One woman called the idea of an armed force at UC “incredibly bizarre,” while another said that some Latin American countries outlaw campus police altogether. Someone asked all undercover police who might be in the room to raise their hand. When two professor-types in sweaters raised their hands, students and faculty hissed or shook their heads in disgust.
Everyone sat in concentric circles waiting for the chance to influence recommendations being prepared on behalf of the university system by Charles Robinson, UC’s general counsel, and Chris Edley, dean of the UC Berkeley Law School.
Reports in the Works
Their report, due in March, is one of three forthcoming from UC to publicly address what is widely perceived as excessive, even brutal responses to students’ acts of civil disobedience against rising tuition and rising executive pay at a time of deep cuts to higher education.
On Nov. 9, UC Berkeley police and Alameda County sheriff’s deputies used batons to strike students who had erected Occupy tents on the steps of Sproul Hall. On Nov. 18, UC Davis police officers were caught on video placidly coating seated protesters with pepper spray.
Both campuses are preparing reports focused on fact finding and who bears responsibility. At Davis, where the police chief and two officers have been placed on leave, the report is due Feb. 21.
The Berkeley report is expected in March.
Robinson and Edley said their report won’t be investigative like the others. Instead they are visiting campuses, listening to students and faculty, and trying to figure out what UC should do differently. Students have steadily complained about excessive police tactics against protesters since 2009.

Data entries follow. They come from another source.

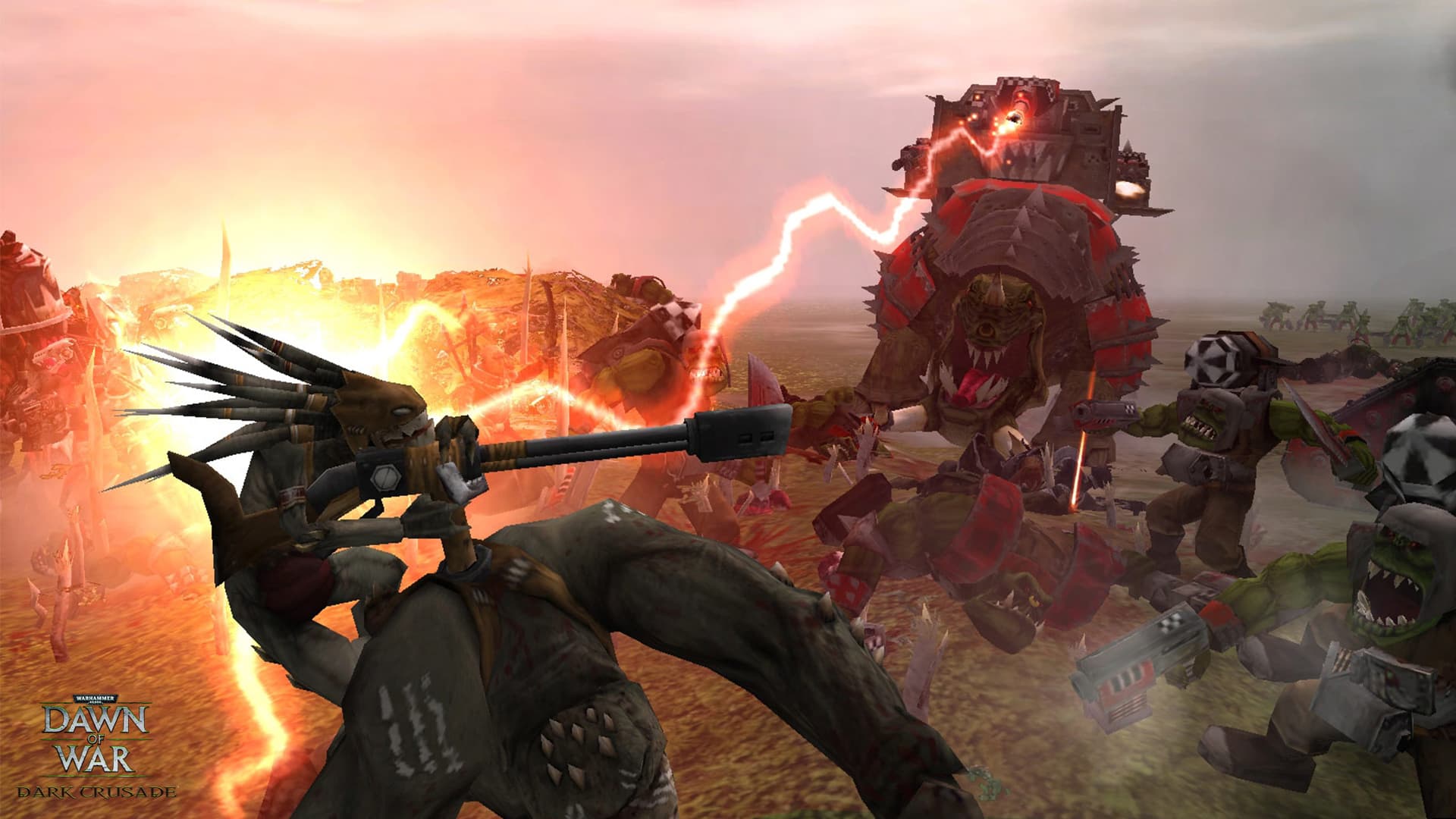 Warhammer 40,000: Dawn of War - Dark Crusade PC Steam CD Key - 7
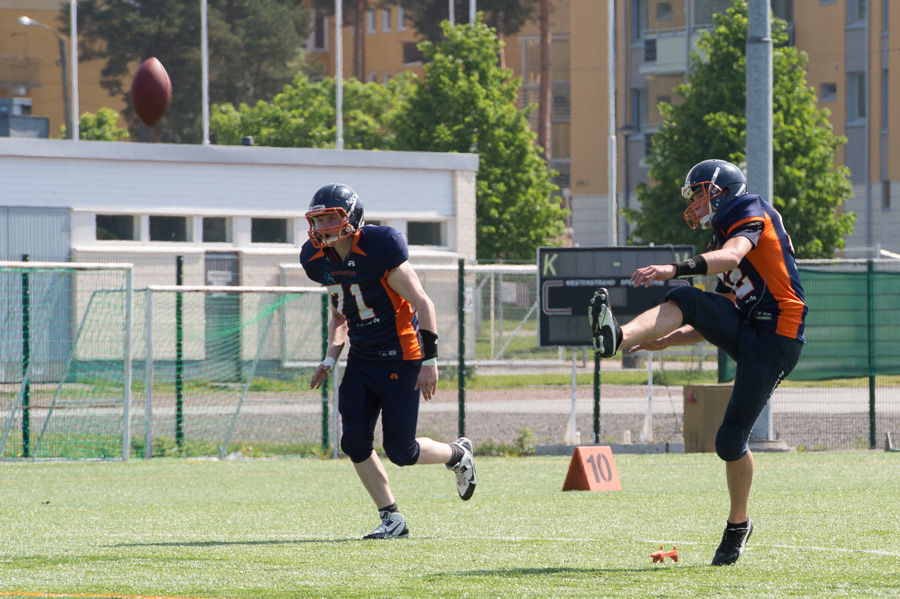 8.6.2014 - (U19 7vs7 Bears-Saints)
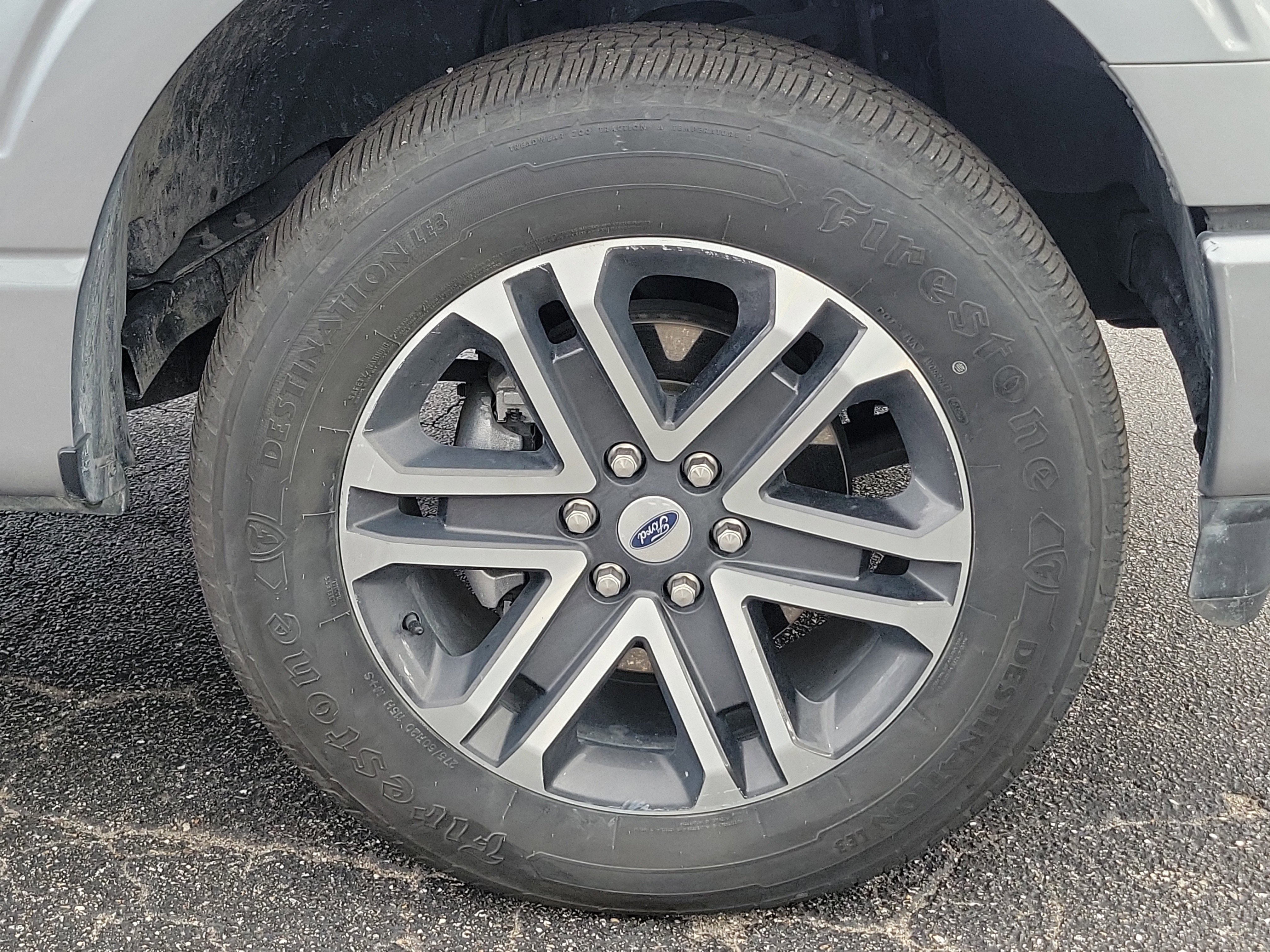 Used 2023 Ford F150 XL w/ STX Appearance Package image 7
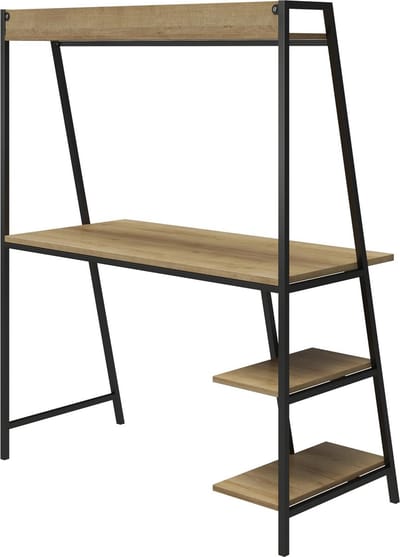 Bushwick-Bureau - Natuur/Zwart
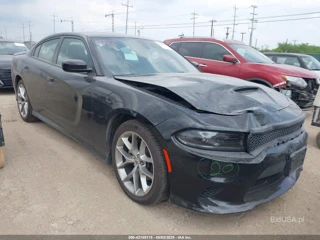 DODGE DODGE CHARGER GT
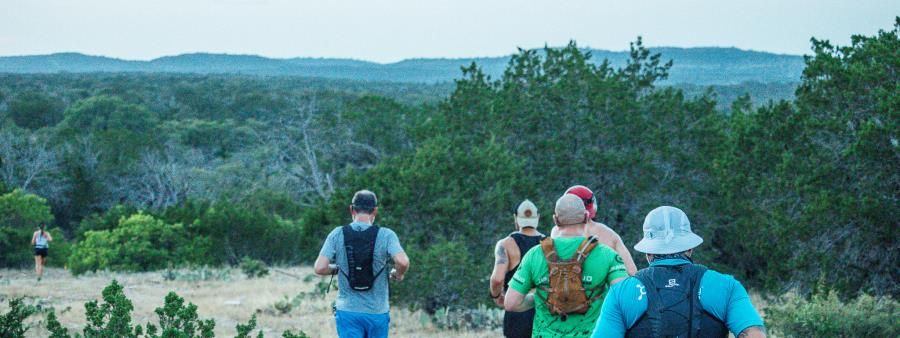 Desert Wolf Trail Run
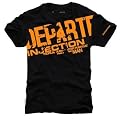 D3PARTED Fashion Shirt "INJECTION" (NEON)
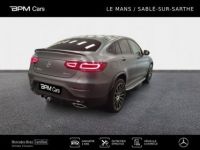 Mercedes GLC Coupé 300 de 194+122ch AMG Line 4Matic 9G-Tronic - <small></small> 52.850 € <small>TTC</small> - #5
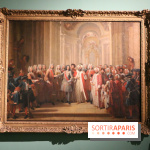 Les visiteurs de Versailles 1682-1789, l'exposition du Château de Versaille (les photos)
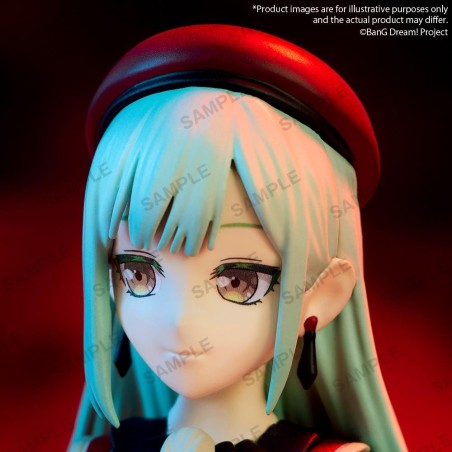 BANG DREAM - Ave Mujica Mortis - Statuette Premium 18cm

Perhaps the most-applauded suggestion Wednesday night came from Anant Sahai, a professor of electrical engineering and computer science, who said campuses should call on trained mediators instead of police during tense student protests.
“Students want to be engaged in a sincere, substantive dialogue,” Sahai said into the microphone. “The role of the mediators should be to facilitate this conversation.”
“Great idea,” Edley said.
But it was student Mica Stumpf, a peace and conflict studies major, who asked the critical question. She said she’d been beaten by police Nov. 9, yet no campus official approached her in the aftermath. Only lawyers from the group By Any Means Necessary, which is suing campus officials and police over the incident, asked how she was doing.
Stumpf, who said she reluctantly joined the group’s lawsuit, then asked the two UC officials: “Do you have a policy on how you treat nonviolent protesters?”
Robinson said that such a policy was precisely what he and Edley had been asked to develop by UC President Mark Yudof.
“The key question is, How do you respond?” Robinson said. “If you respond.”